Edit: And perhaps more to the point, it doesn't tell the player what his characterization is or should be; it just tells him how I've judged others will react to the characterization as I see it. Its more about how I see the NPCs than how I see the PC, and how I see the NPCs is my job. How the PC is is _his_ job.
It is merely that since absolutely everything else in the game that the GM can do can also modify or affect the player's behavior, I don't see any particular problem with one more mechanism, particularly if the GM uses it with restraint and the player and the GM make an effort to communicate any differences in interpretation. I suppose to a large extent it all boils down to a matter of taste.

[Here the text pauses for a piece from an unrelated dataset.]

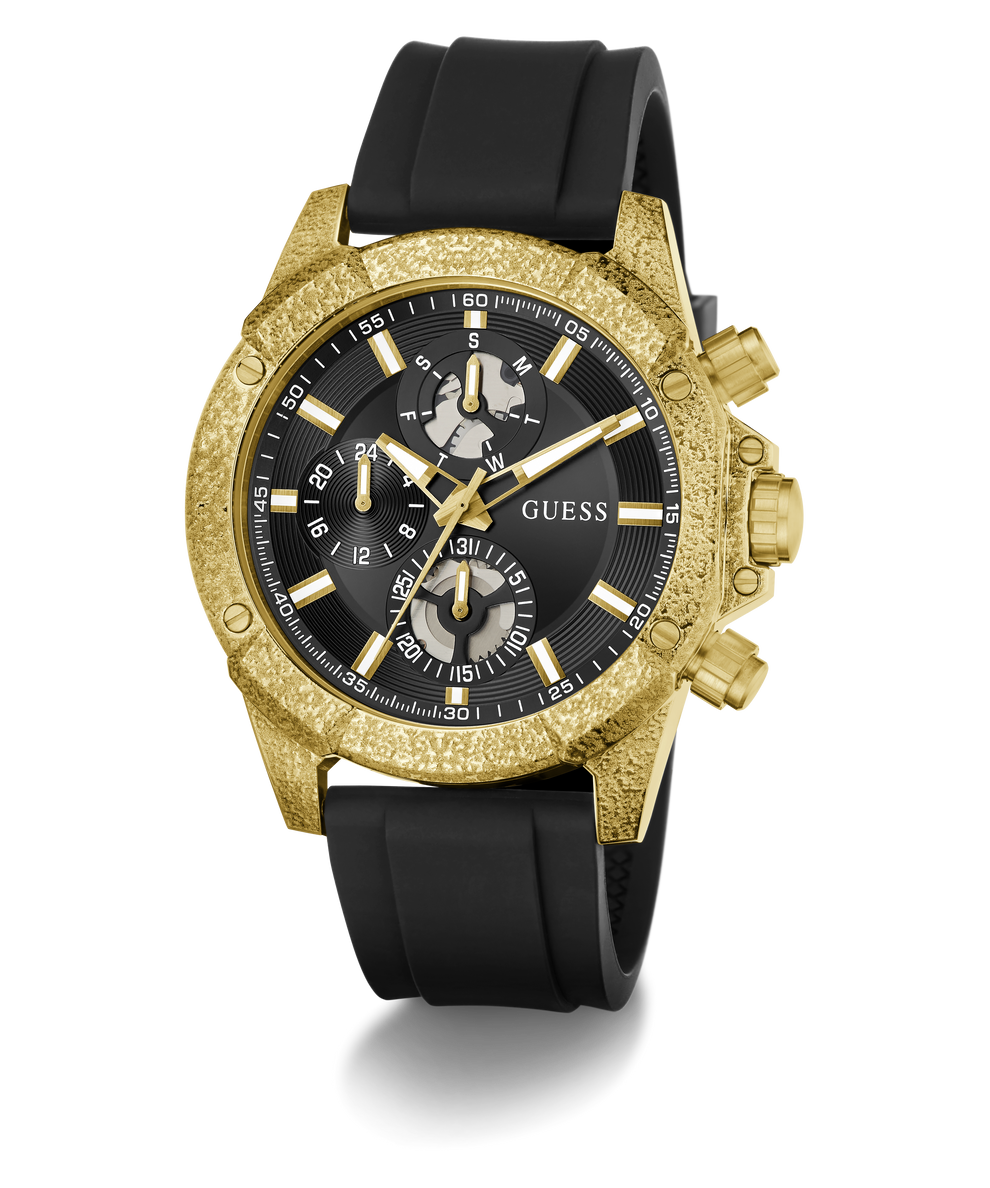 A Guess men's chronograph watch featuring a textured gold-tone case, a black dial with gold-tone subdials and markers, and a black rubber strap, shown on a white background with a soft shadow.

Well, of course it is. I simply don't see any benign effect from extending it that way, as I consider most of the areas where a GM has to do that a necessary evil of the cooperative process. It _isn't_ necessary here, so why add to that evil?
 

Thomas5251212 said:
No, its taught me that bad die rolls on Toughness saves are too frequent and severe to be blown off.
If you should always have Conviction to spend on Toughenss, which is what you're insinuating here, why even have the roll? It's like you think PCs should be in no danger when in combat. That sounds pretty boring to me.

Thomas5251212 said:
Not a virtue there, either, but at least you don't run into Slay Living all the time, and at the levels where you expect to run into it with any frequency, there's recourse after the fact, since Raise Dead is trivial. But the fact the parent game for an overly linear sudden-death system has some degree of the same problems shouldn't be a suprise, and doesn't make the one at hand any less problematic.
Imbue Life is pretty trivial as well (even moreso in that it doesn't require an expensive component).

Thomas5251212 said:
And promptly followed it with "(I suppose you could stack the deck by choosing the kind of treasure you give out)". Reading the whole paragraph does help, you know.
I did read the entire paragraph, instead of chopping it apart as you've done here. If you're going to break from the common parlance the loss of communication is your fault, not mine.

Thomas5251212 said:
That's at least even handed, and doesn't actually pressure the players in any direction. What it will do at some point in D&D at least is make it impossible and unfun for people to play, but its not the problem I'm discussing.
Yeah, you missed the point that there were other ways for the GM to arbitrarily effect how powerful the characters are at any given time. To argue the Conviction system is bad because it can influence a character's power is pointless if you're not addressing every other means by which the GM does just that.

Thomas5251212 said:
Yes, I do. One turns on characterization, the others don't. If you don't get that, you don't.
In the same manner, it makes no difference from where the GM's power turns. To ignore the other means in which a GM can decide how things for for a PC is tantamount to putting your head in the sand.
 

Thomas5251212 said:
Try this once more: I don't care about arbitrariness in this context. That's not the issue; the issue is that the conviction reward mechanic in its current form exists to influence the characterization of the character. It serves no other purpose I can see in its current form, since there's no necessity to connect it to the personality of the character. Its handing the GM a hammer to influence I'm objecting to, nothing more. As long as you keep going off on tangents that don't have anything to do with that, you're wasting both our time.
Yes, Conviction influences the player to stay true to the character's conviction; you say that like it is a bad thing. It would only be a hammer if the system instruced the Narrator to remove conviction points when he feels the player character is going against his nature, which it doesn't. The only tangents I've commented on were those of your own creation. Your statement is ridiculous and you know it.